- **Action item**
Below are some records. Set down exactly the line holding "Hundsele OZAMI Air-mesh XXS grön" and every later line through the end, omitting the pictures.

[Material shown Boundary: Start]

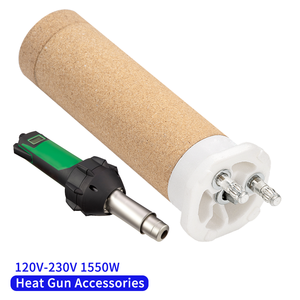 Elemento Calefactor <span class=keywords><strong>de</strong></span> 1600W <span class=keywords><strong>para</strong></span> Soldador <span class=keywords><strong>de</strong></span> Aire Caliente <span class=keywords><strong>de</strong></span> Plástico Leister Triac BM4230V 120V con Núcleo Cerámico <span class=keywords><strong>para</strong></span> <span class=keywords><strong>Pistola</strong></span> <span class=keywords><strong>de</strong></span> Soldadura <span class=keywords><strong>de</strong></span> PVC, TPO y Vinilo - Product Image 1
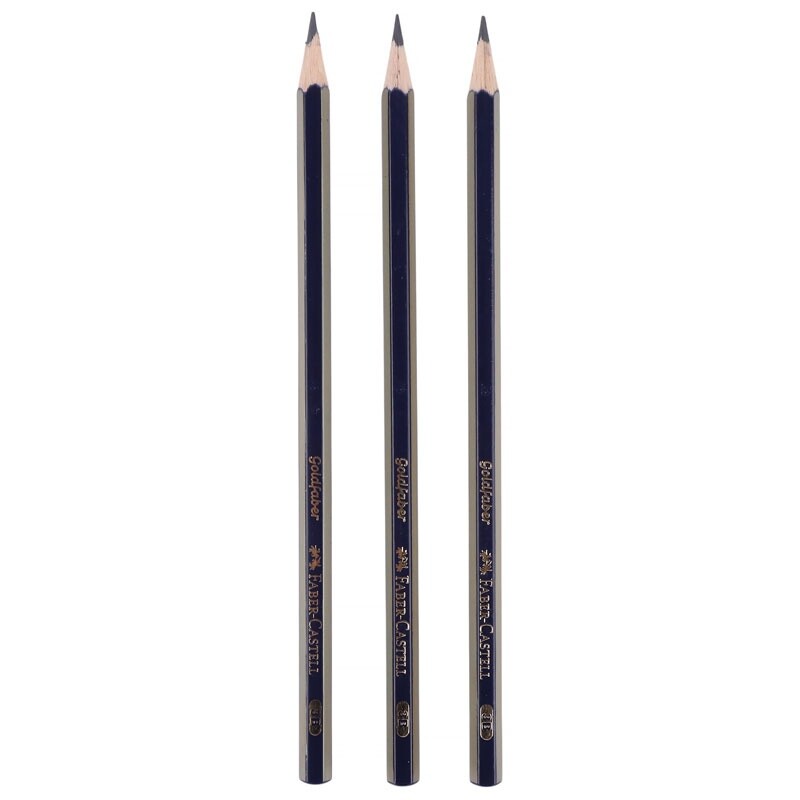 مداد طراحی فابر کاستل Faber-Castell 3B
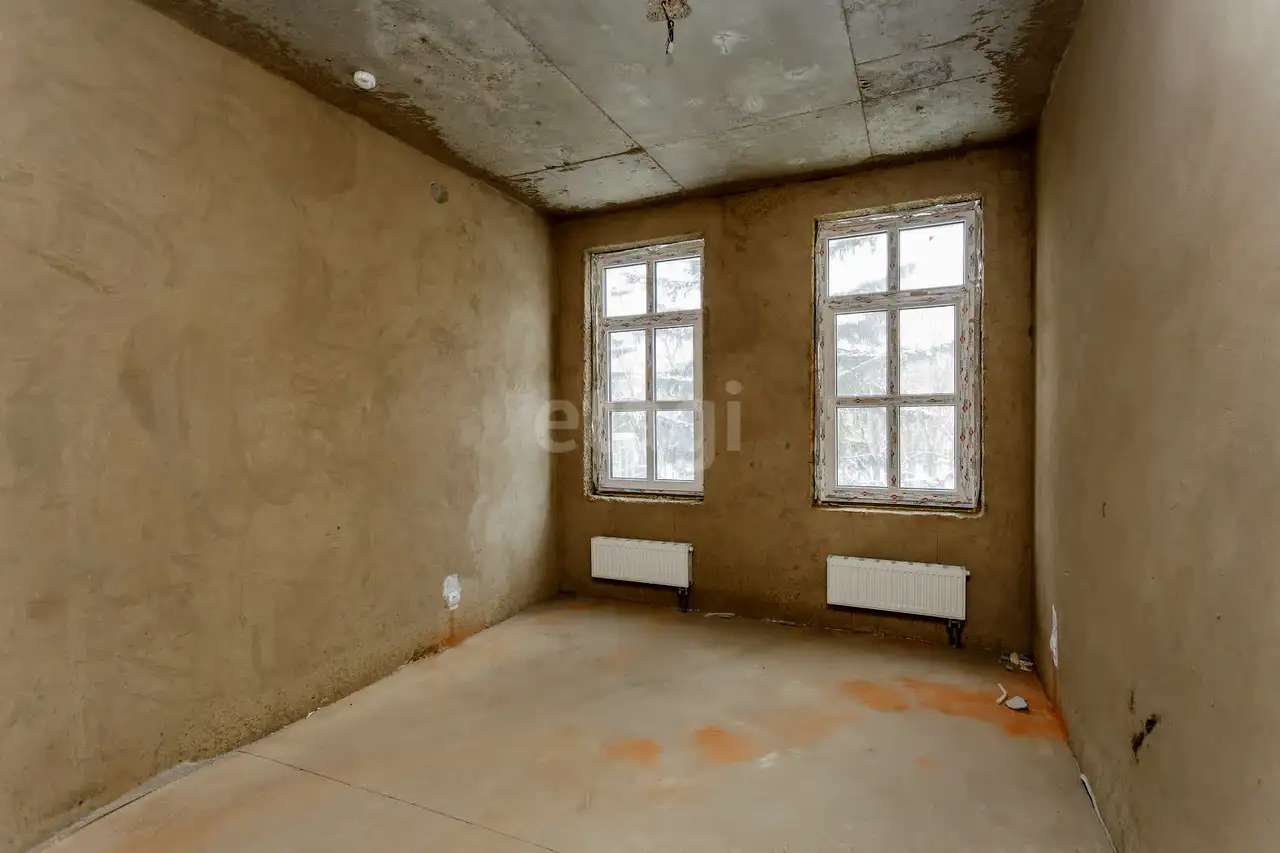 Квартира, 96,10 м², 3 эт., Республика башкортостан, уфа, первомайская, 8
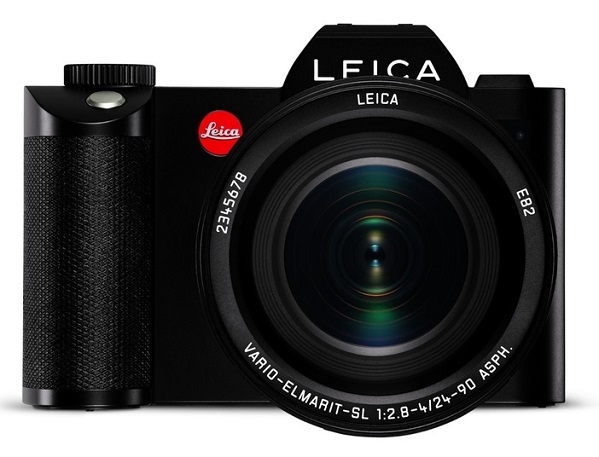 Leica, fotoaparát, Leica SL, CMOS, EVF, objektív, Vario-Elmarit-SL, HDMI, 4K, Full HD, technológie, novinky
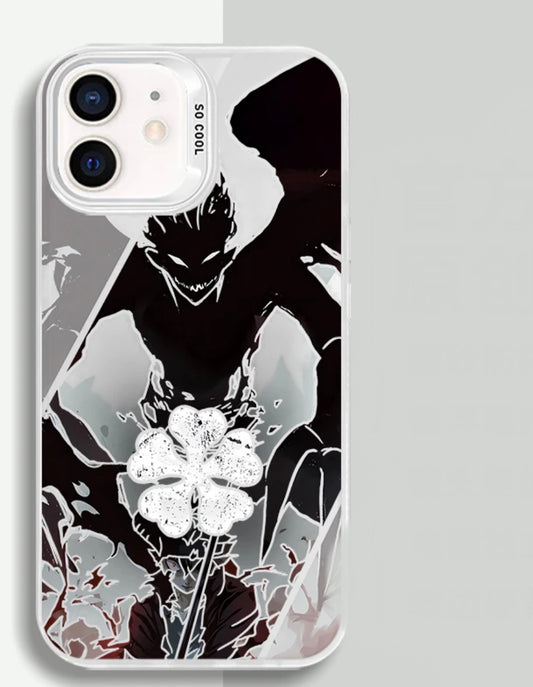 Asta Black Clover Anime Phone Case MagSafe Option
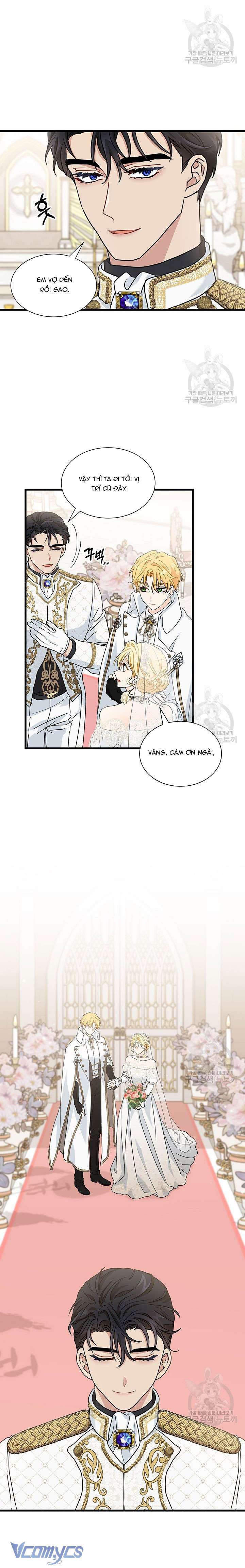 cô gái sẽ trở thành chủ gia đình chapter 25 18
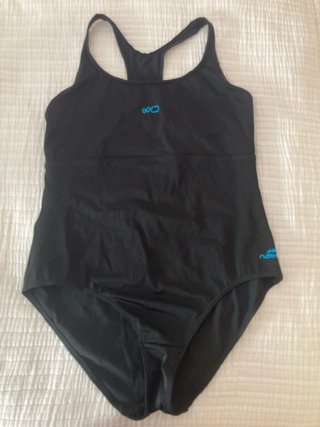 Bañador Negro Nabaiji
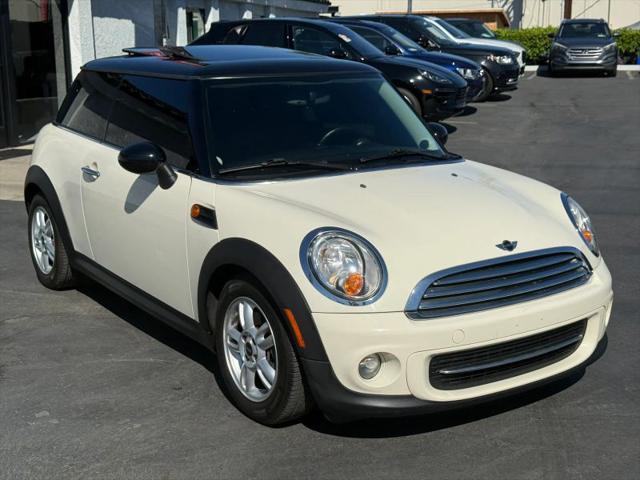 2012 MINI Cooper Cooper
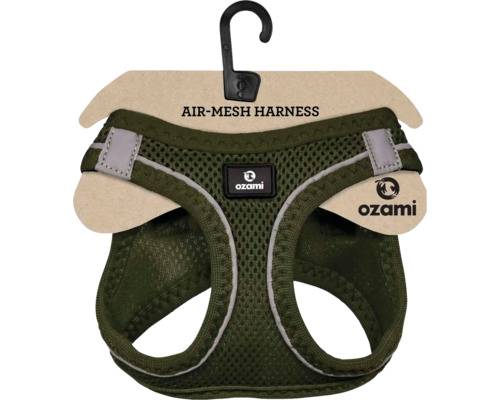 Hundsele OZAMI Air-mesh XXS grön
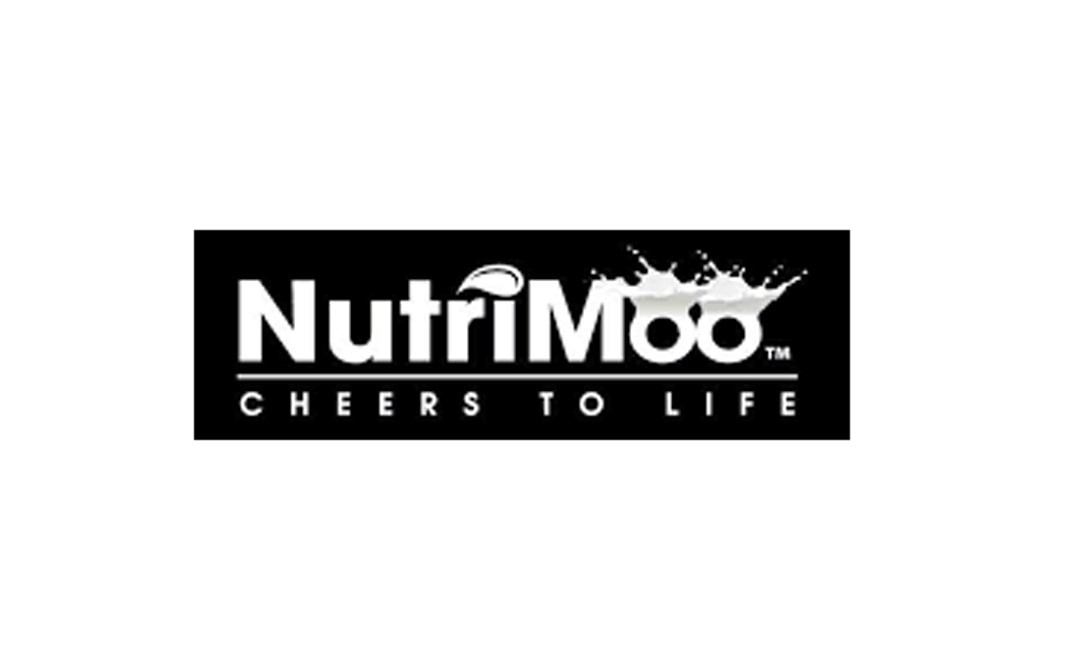 Nutrimoo Cow Ghee Clarified Butter   Plastic Jar  1 litre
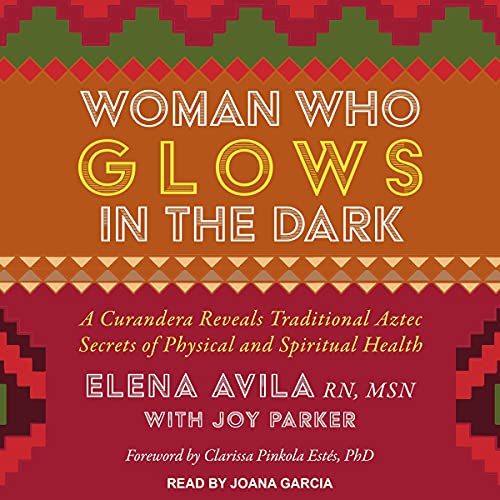 Cover of Woman Who Glows in the Dark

[Material shown Boundary: End]

- **Reply**
 Hundsele OZAMI Air-mesh XXS grön
 Nutrimoo Cow Ghee Clarified Butter   Plastic Jar  1 litre
 Cover of Woman Who Glows in the Dark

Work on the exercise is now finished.